Cytuję Myszko Ciebie "Bo ja owszem dbam o siebie ale jednak pdp i jego potrzeby są na pierwszym miejscu"
Tylko i włączne to zdanie mi się w Twoim poście spodobało.

Cytuję Myszko Ciebie "Bo ja owszem dbam o siebie ale jednak pdp i jego potrzeby są na pierwszym miejscu"
Tylko i włączne to zdanie mi się w Twoim poście spodobało.
Wiem:) Ale przyznasz,że to dziwne postepowanie.Że śpi PDP to normalne ,ale że zmienniczka olewa całkowicie....Przecież to nie był środek nocy i raczej wiedziała ,kiedy Mycha zajedzie.Kto to widział,żeby sie dobijac do domu.Sytuacja na pewno mało komfortowa.Myszencjo-śniadanie dali przynajmniej?:)
Wiem:) Ale przyznasz,że to dziwne postepowanie.Że śpi PDP to normalne ,ale że zmienniczka olewa całkowicie....Przecież to nie był środek nocy i raczej wiedziała ,kiedy Mycha zajedzie.Kto to widział,żeby sie dobijac do domu.Sytuacja na pewno mało komfortowa.Myszencjo-śniadanie dali przynajmniej?:)
Nawet gdyby to był środek nocy - przybywa dziewczyna w nowe miejsce!

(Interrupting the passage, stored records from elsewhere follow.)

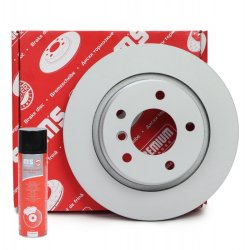 Brake Disc Set + Cleaner MASTER-SPORT 24011901081PR-PCS-MSP OE Ref 34211165563 MASTER SPORT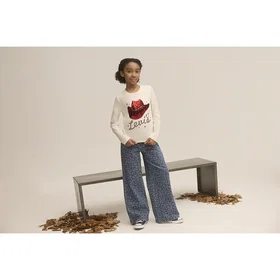 Levi's Jacquard High Rise Baggy Jeans (Pige)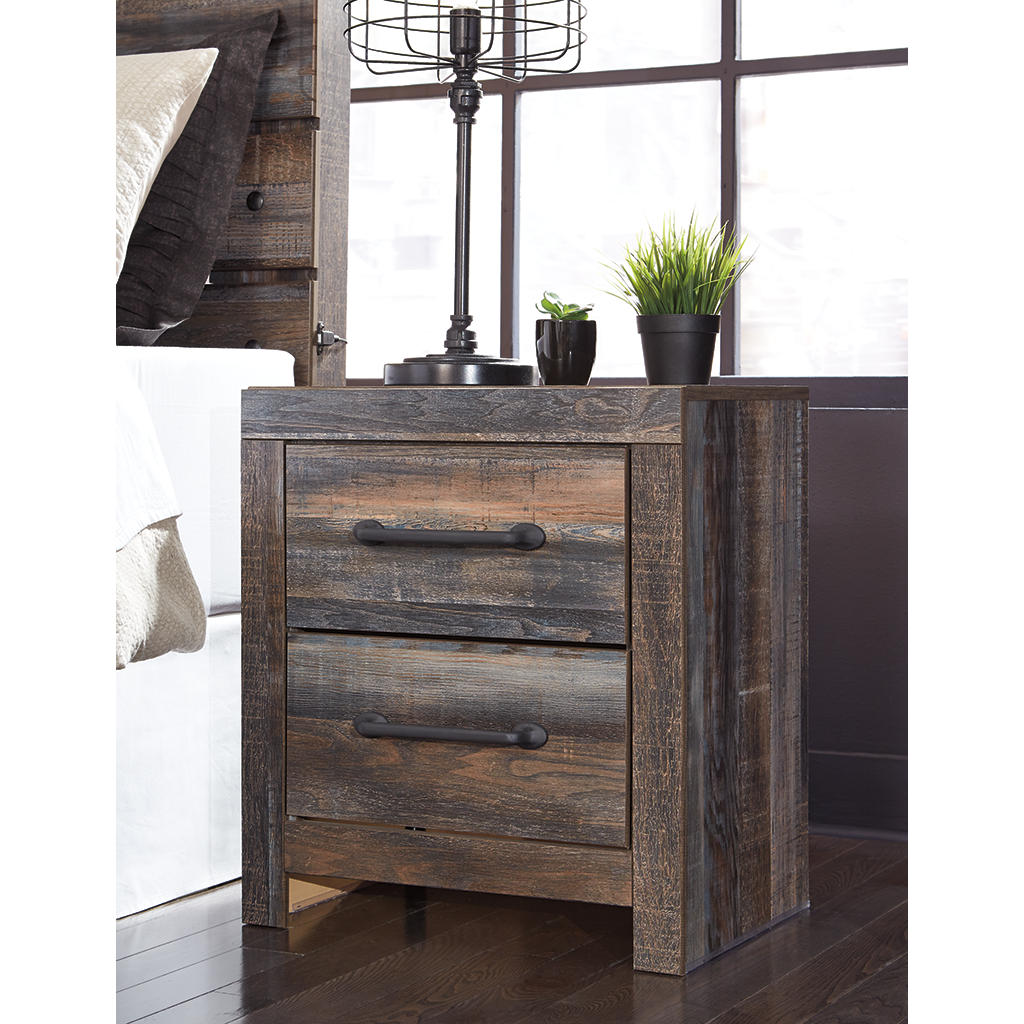 Drystan Queen Bookcase Bed, Dresser, Mirror and Nightstand Signature Design by Ashley® Uncategorized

Trzeba mieć zupełny brak wyobraźni.
Jakaś "gupia ci..." i tyle.Ja raz tylko trafiłam na taką "małogramotną",że nawet herbaty nie dała ,dopiero jak PDP jej uwagę zwróciła:)Na dzień zmiany zazwyczaj zupę robię bo podzielna i podgrzać można w każdej chwili a po podróży, niezależnie od pory roku coś ciepłego na ruszt trzeba wrzucić:)Tak sie nauczylam od pierwszego wyjazdu i pierwszej dziewczyny,którą zmieniałam i tak robię:)

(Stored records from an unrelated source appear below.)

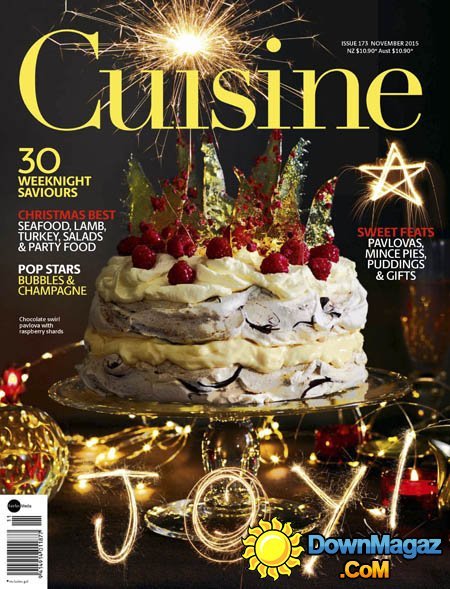 Cuisine NZ – November 2015 Cuisine NZ – November 2015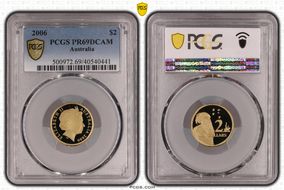 2006 $2 PR69DCAM
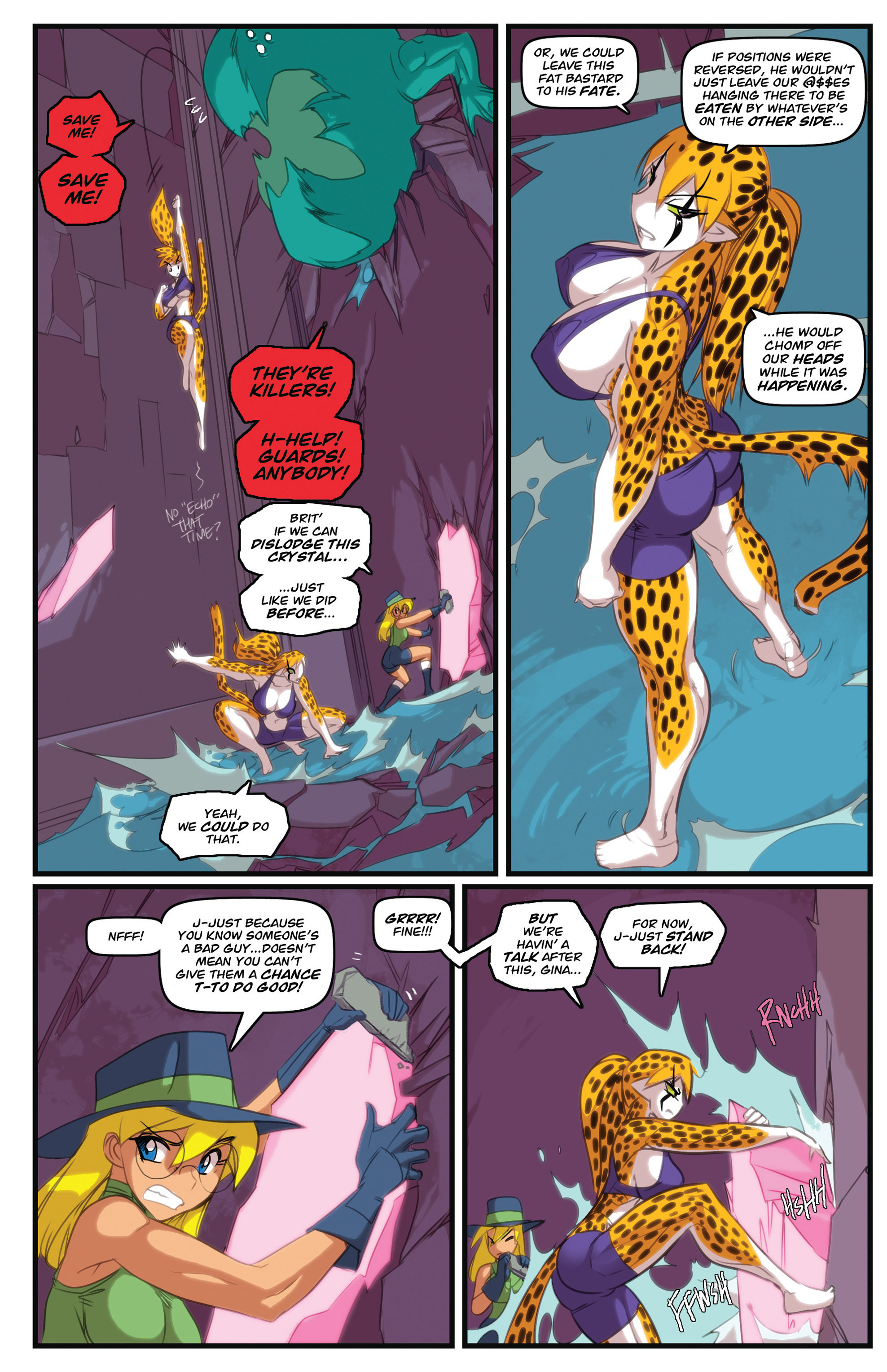 Read online Gold Digger (1999) comic -  Issue #223 - 11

No, ale Twoje zupy są zupełnie wyjątkowe. Nie do podrobienia.
Takie paskudne?:(buuuuuuuuuuuuu czy takie pyszne ?hurrrrrrrrra:) hi hi hi Zupa to zupa ,brzuszek zawsze napełni i zagrzeje:)A kawka czy herbatka zła nie jest ale ino przeleci:(Wyjatkiem sa oczywiscie tresciwe sniadanka w Borken:):):)
Ty prozna kobieto:-)Twoje zupy byly juz tak czesto na forum zachwalane, ze sama zaczelam sie zastanawiac czy do opieki 24 nie wrocic, tylko po to by Twoja zmienniczka zostac i tych slynnych zup sprobowac:-)

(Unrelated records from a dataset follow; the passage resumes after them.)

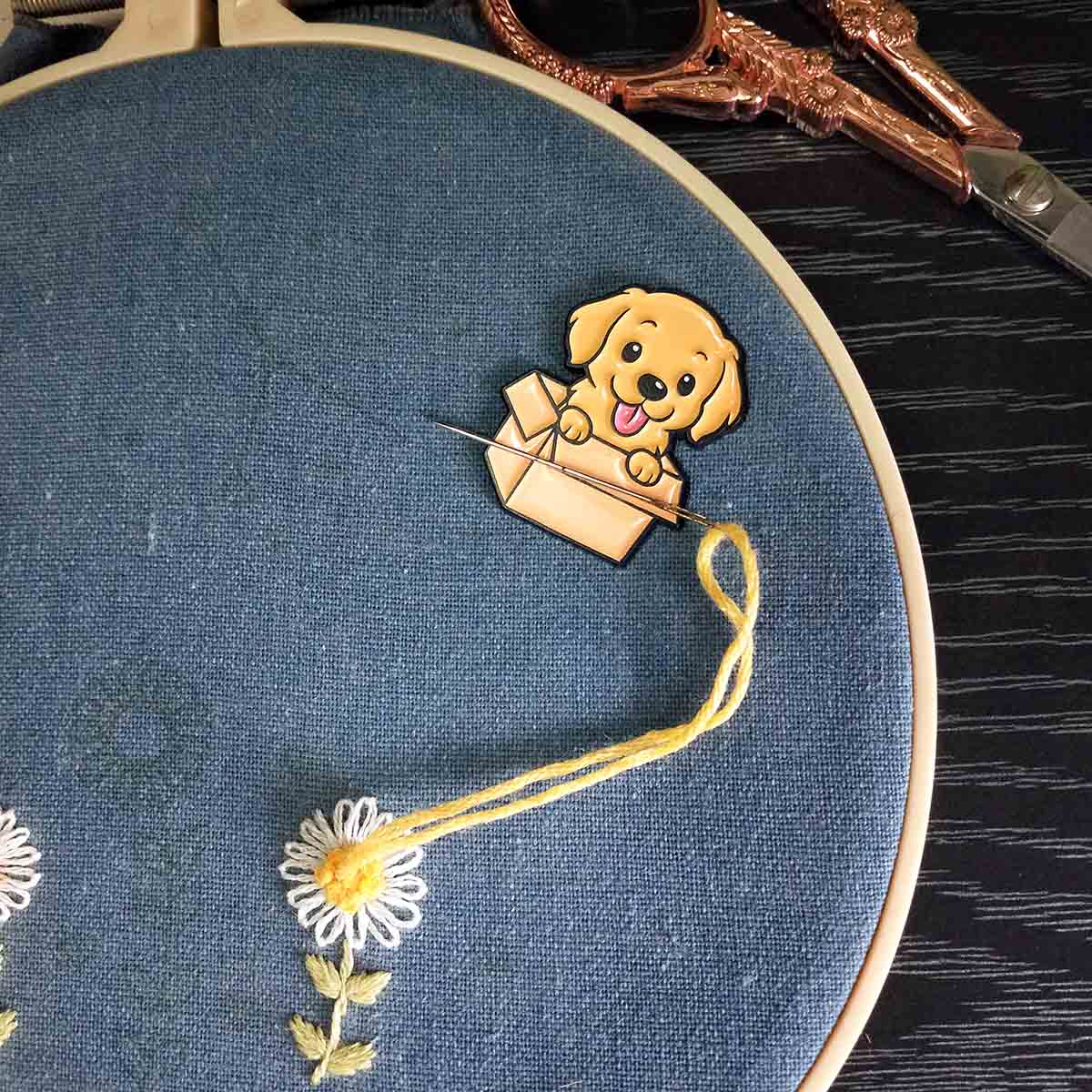 Magnetic Needle Minder for Cro - Needle Minder Magnet avaliação e preço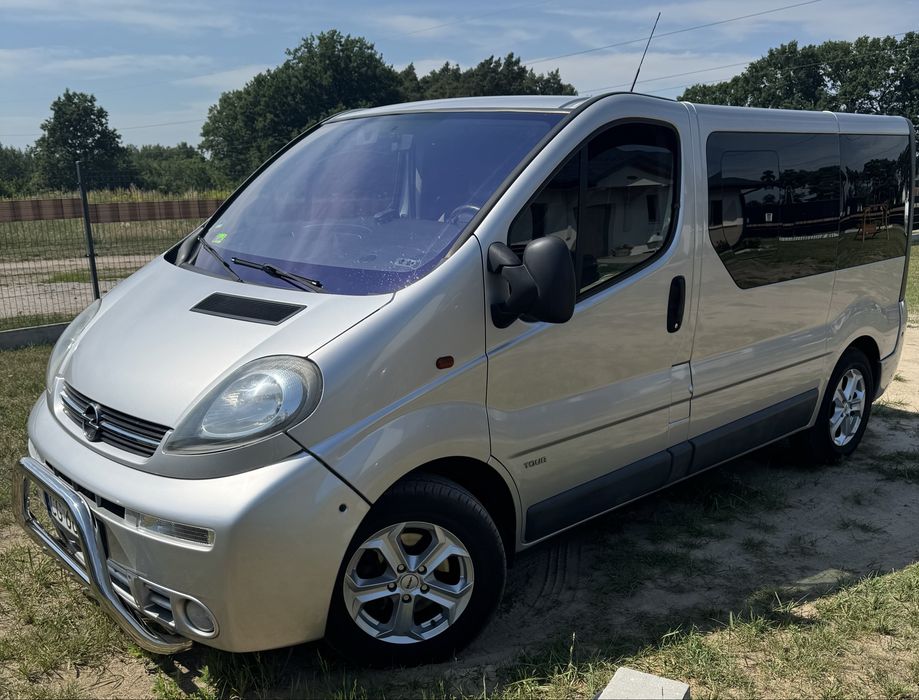 Vivaro 2.5 CDTI stan bdb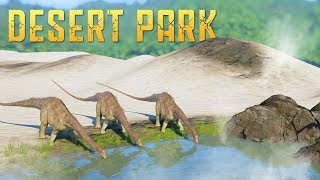 DESERT PARK 03  Jurassic World Evolution [upl. by Murry999]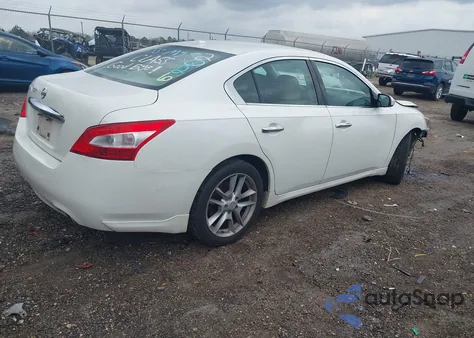 2011 Nissan Maxima 3.5 Sv z USA, uszkodzony, nr VIN 1N4AA5AP9BC815508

Pojechałam po obiedzie na zakupy. Sama bo pdp jakiś zakręcony dzisiaj. Ludzi !!! okrutnie się nazłaziło. Myślałam, że gorzej mi sie będzie jeździło tym oplem z ...... combi :lol2: a tu niespodzianka. Nawet się dobrze prowadzi. Rano byłam z pdp na gimnastyce. Pod przychodnia wiadomo, parking mały, miejsca ograniczone. No i oczywiście jakaś doofe Kuh ( no poniosło mnie ) stanęła rozkrakiem na dwóch miejscach. No nic tylko wyjść i walnąć łbem o bruk !! Ja mamrotałam oczywiście pod nosem a za mną następne dwa auta cierpliwie czekały. Szkoda, bo jak co to pomogłabym zlinczować babę :lol1:
Przeoczyłam chyba coś:)Ale ,fakt-nie bedę pisia-skromnisia i pochwalę się,że moje zupy i improwizowane suróweczki obiadowe od lat mają branie:):):)
To nie bądź wiśnia i zapodaj jakiś wypróbowany przepis na jedną ze słynnych zup w wątku obiadowym.